You load your browser (i.e. Internet Explorer, Firefox, Safari) to view a website (http://example.com). You view a PHP file under the \htdocs directory (http://example.com/htdocs/example.php. The PHP file refers to a database connection file and a CSS file in a different directory. The page displays like you expect it to, in different browsers. The table is populated from the database connection, and the layout is perfect.

Now if you try to access that same site via FTP, your browser typically turns into an FTP session. You can upload/download files using the FTP protocol inside the browser without the need of an external FTP program.

You then try to view the same PHP file by navigating to the \htdocs\ directory and clicking on the file.
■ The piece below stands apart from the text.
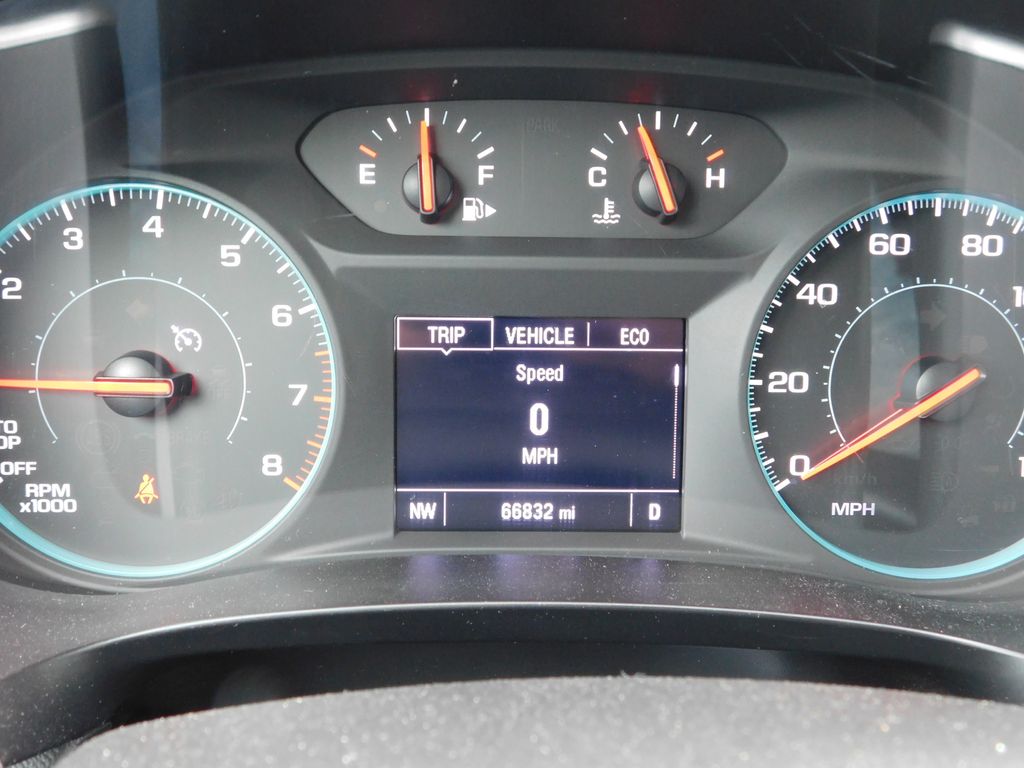 Thumbnail: 2023 Chevrolet Malibu - 6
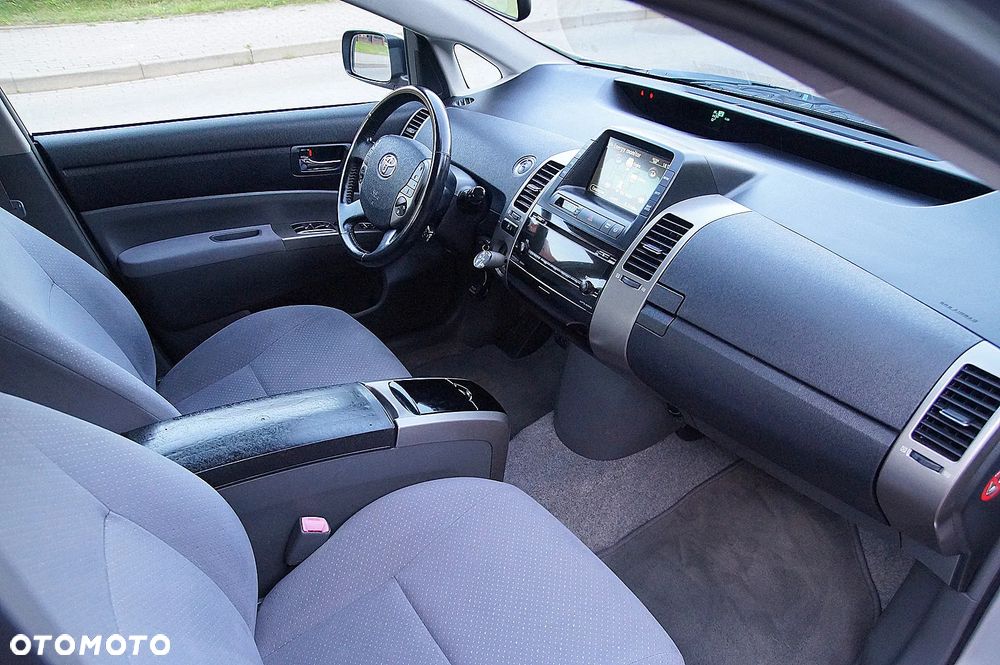 Toyota Prius 1.5 VVT-i Prestige - 19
My question is, should it display with the same layout and table populated?

I've tested this theory with a couple PHP files of my own, and depending on the browser, was asked to open or save the file. Every time, I was faced with errors and an incomplete page is populated, or the page would not display at all. It seems as if it would try to download the into a temporary cache for viewing and the directories and files get screwed up (it would look for /connections/connect.php inside the file and it thinks the root directory is C:\local\ie5\internetcache\ ..... resulting in a file not found error)

So.... am I doing something wrong? Is there something wrong in the PHP code that is preventing seeing the page as it's supposed to in an FTP session? Maybe a setting inside a browser? Should it display the same in FTP as it would if you viewed it via HTTP?

When responding, I would appreciate an explanation of why you say what you say, as opposed to "it doesn't work" answer.

If you do have an argument for it working in FTP, could you please provide a detailed explanation or references?

The best answer will be given to someone who is most detailed in their answer, proving for or against the idea that you are able to view the same PHP file via FTP browser as you would via HTTP.

DO NOT SAY "Use an external FTP program because it's easier". I am trying to test a theory within browser FTP functionality.
 
The short answer is "no". FTP is the "File Transfer Protocol", and is doing exactly as you would expect by asking if you want to download the file.

Your easiest test of this is to just put a .txt file on the server and try viewing it via FTP. You can't do it.

If I'm understanding what you want to do, you want to be able to see your unprocessed (unparsed) PHP in the browser. In essence, you want to tell the server "don't parse this PHP, just show me the script".

By default, you can't do this for security reasons. Many PHP scripts are proprietary code that the author doesn't want you seeing. Other reasons include the database username and password, etc... which is typically has full rights to modify the database, which would be a HUGE security hole.

You CAN, however, view your PHP files using normal HTTP by renaming them to phps I believe... but you only want to do this to reveal the PHP temporarily, for the security reasons I just mentioned.

(Edit: The H in PHP doesn't stand for anything. PHP is not an acronym, and is of dubious origins.)
 
Unfortunately, there isn't really any way to answer this question other than "it doesn't work that way". FTP is for transferring files, not displaying dynamically generated HTML. Why would you want to do something like this?

The H in "PHP" stands for "Hypertext". It works over Hypertext Transfer Protocol (HTTP). The PHP interpreter installed on the HTTP server processes the PHP file if it receives an HTTP request for it. If you make an FTP request for the same file, then it goes to a different port, where a different application (an FTP server) is running. The FTP server will not have a PHP interpreter capable of running the script in a PHP file — that's not what an FTP server is for.

You are doing something akin to putting a CD in an envelope and expecting the envelope to play the music on the CD.